After testing this I did stop thermald and interestingly the behaviour of the CPU frequencies did not change. It still goes down to 1800MHz under load. constraint_0_power_limit_uw is unchanged at 35000000

Is there any detailed documentation what thermald does when and which actions it does to control the CPU? Until now I have seen that it manages "constraint_0_power_limit_uw" and raises the limit until it reaches 35000000.

benzea commented 2 years ago

Btw. my implication with setting the UUID to solve the issue is that the firmware is still controlling things.

i.e. setting that UUID flags to the firmware that the OS is doing proper thermal management. So if the UUID means "version X" but the firmware is expecting "version Y" or so, then I can totally see that it isn't giving up thermal control.

btw. you might be able to tell more by looking at the ACPI code of the firmware and checking what happens for various UUIDs on the INTC1040 device.

sebastianha commented 2 years ago

Unfortunately this is beyond my level of knowledge. But I would be happy to provide everything needed to solve this issue!

Grtschnk commented 2 years ago

@benzea Thank you for looking at this and the explanation! I've had a look in the /sys directory. /sys/bus/acpi/devices/INTC1040:00/physical_node/uuids/available_uuids containts UNKNOWN. Is that a possible hint as to what is wrong with our systems? The current_uuid is as you said: 63BE270F-1C11-48FD-A6F7-3AF253FF3E2D

sebastianha commented 2 years ago

@benzea Thank you for looking at this and the explanation! I've had a look in the /sys directory. /sys/bus/acpi/devices/INTC1040:00/physical_node/uuids/available_uuids containts UNKNOWN. Is that a possible hint as to what is wrong with our systems?
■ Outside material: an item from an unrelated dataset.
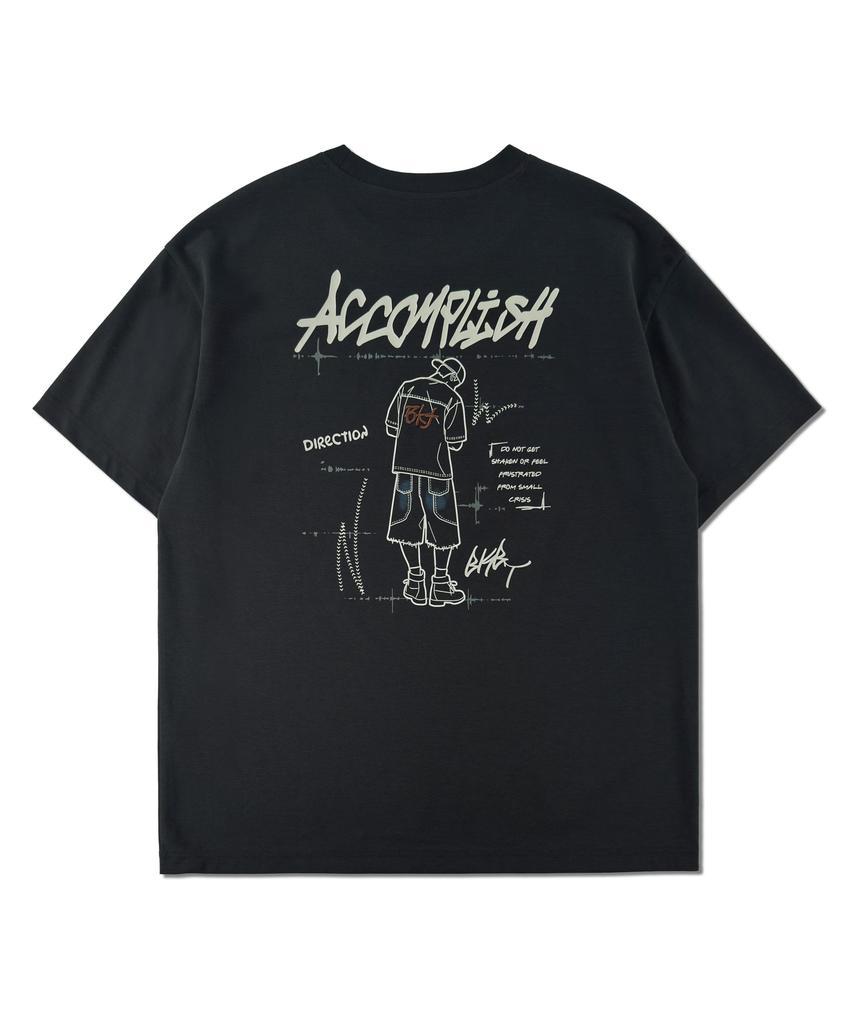 BUNKERBUSTER Футболка с коротким рукавом Accomplish Drawing Mq2Tu246_Угольный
The current_uuid is as you said: 63BE270F-1C11-48FD-A6F7-3AF253FF3E2D

Same here on Dell 7320

sebastianha commented 2 years ago

Interesting fact: After a fresh reboot "current_uuid" ist set to "INVALID". After starting thermald it shows "63BE270F-1C11-48FD-A6F7-3AF253FF3E2D"
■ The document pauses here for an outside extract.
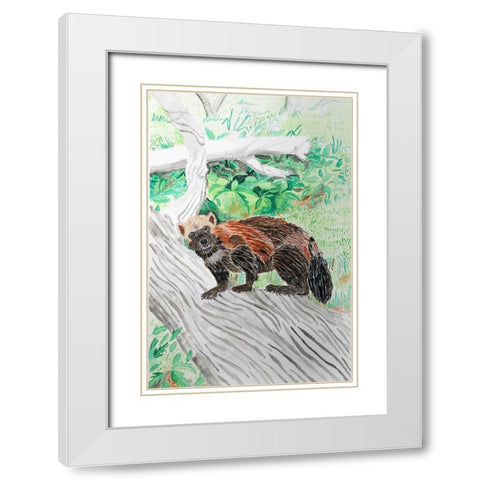 Wolverine Watch White Modern Wood Framed Art Print with Double Matting by Derr, Wynn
# cat /sys/bus/acpi/devices/INTC1040:00/physical_node/uuids/current_uuid
INVALID
# cat /sys/bus/acpi/devices/INTC1040:00/physical_node/uuids/available_uuids
UNKNOWN
# systemctl start thermald.service 
# cat /sys/bus/acpi/devices/INTC1040:00/physical_node/uuids/current_uuid
63BE270F-1C11-48FD-A6F7-3AF253FF3E2D
sebastianha commented 2 years ago

Is there any way I can prove that thermald has control over the CPU? My current guess is, that thermald sets the "current_uuid" and "constraint_0_power_limit_uw" but has no full control.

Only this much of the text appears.